The use of deadly force must be necessary—not immediately necessary.
State v. Reis (ICA February 27, 2025)
Background. Brandon Reis was on trial for attempted murder in
the second degree. At trial, he argued he acted in self-defense. The trial
court instructed the jury about the use of lethal force in self-defense by
tracking the pattern jury instruction:
The use of deadly force upon
or toward another person is justified if the defendant reasonably believes that
deadly force is immediately necessary to protect himself on the present
occasion against death or serious bodily injury or kidnapping. The
reasonableness of the defendants’ belief that the use of deadly force was immediately
necessary shall be determined from the viewpoint of a reasonable person in
the defendant’s position under the circumstances of which the defendant was
aware or as the defendant reasonably believed them to be when the deadly force
was used.
The jury found Reis guilty as charged. He
appealed.
The jury was incorrectly instructed that the
defendant must believe deadly force was “immediately” necessary. The sole issue came down
to the jury instruction. The jury was told that Reis’s belief in using deadly
force had to be “immediately necessary.” But “[t]he use of deadly force is
justifiable . . . if the actor believes that deadly force is necessary to
protect himself against death, serious bodily injury, kidnapping, rape, or
forcible sodomy.” HRS § 703-304(2). The use of non-lethal force needs to be “immediately
necessary.” HRS § 703-304(1).
The Hawaii Supreme Court noted the problematic
jury instruction in In re: DM, 152 Hawai'i 469, 477 n. 13, 526 P.3d 446,
454 n. 13 (2023). But that was dictum.
The ICA held that the self-defense instruction
here misstates the plain language in HRS § 703-304(2) and was contrary to the legislative
intent. The ICA delved into the legislative history and noted that the House
Judiciary Committee back in 1975 explained that “[a]dding the requirements that
a person being attacked determine the immediacy of the need to use deadly force
presents [too] great a burden upon that person. Such a person is already forced
into a position of fear and apprehension that would make a reasoned determination
of immediacy impossible.” H. Stand. Cmm. Rep. No. 720, Hse. Journal at 1306-07 (1975).

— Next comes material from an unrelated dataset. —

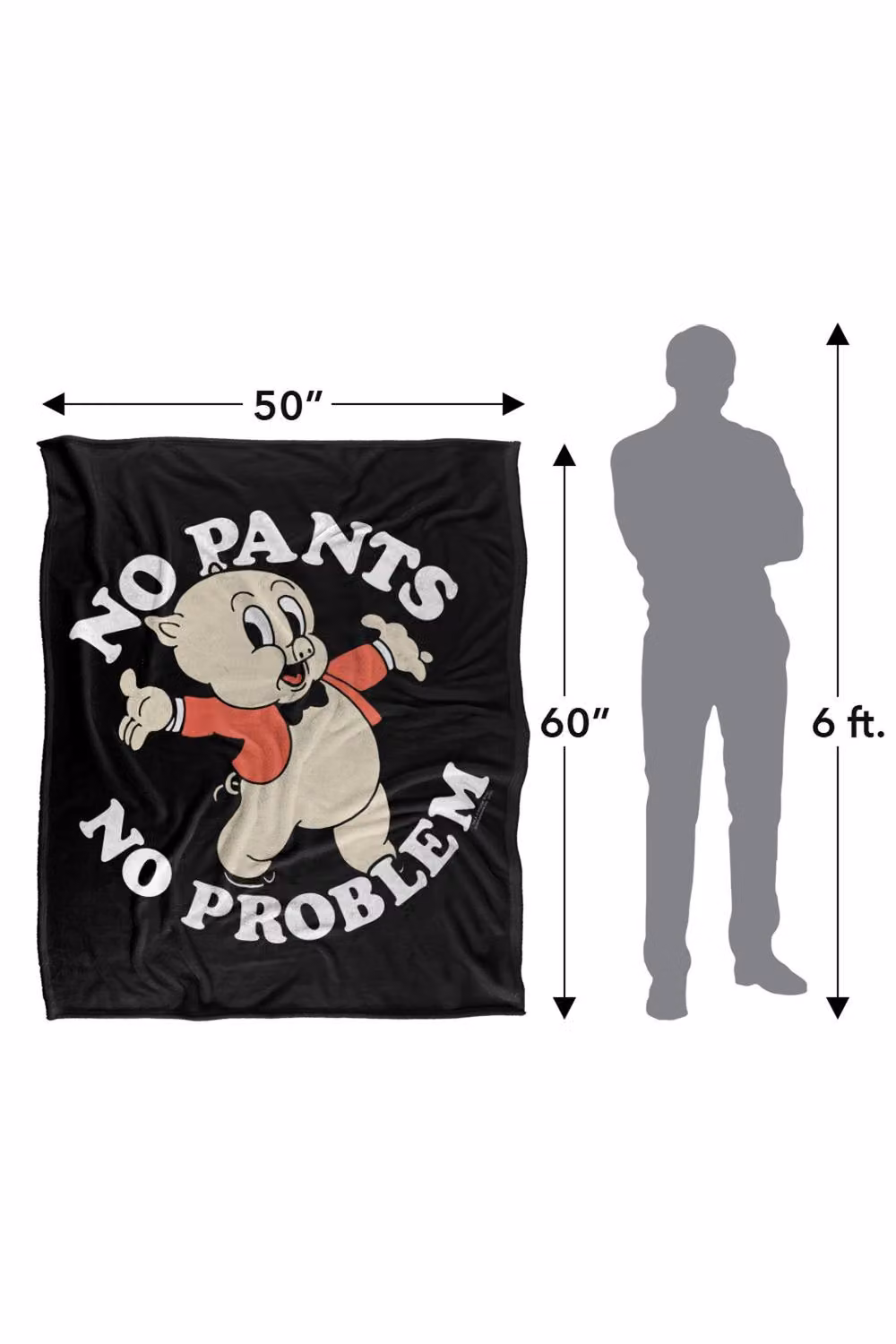 Warner Bros. Looney Tunes No Pants Super Soft Silky Touch Fleece Throw Blanket, Multicolour, W: 152.4 cm x H: 127.0 cm – 8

The trial court, therefore, erred by telling
jurors that the belief in using deadly force had to be “immediately necessary.”
The error is not harmless. Having found an erroneous
instruction, the ICA moved on to determine if “there [was] a reasonable
possibility that the error contributed to the defendant’s conviction.” State
v. Nichols, 111 Hawai'i 327, 337, 141 P.3d 974, 984 (2006). The ICA
examined the evidence at trial and held that the jury could have found that
although Reis’s use of deadly force may not have been immediately necessary, it
could have been just necessary. And so the erroneous instruction was not a
harmless error.
The ICA vacated the case for a new trial.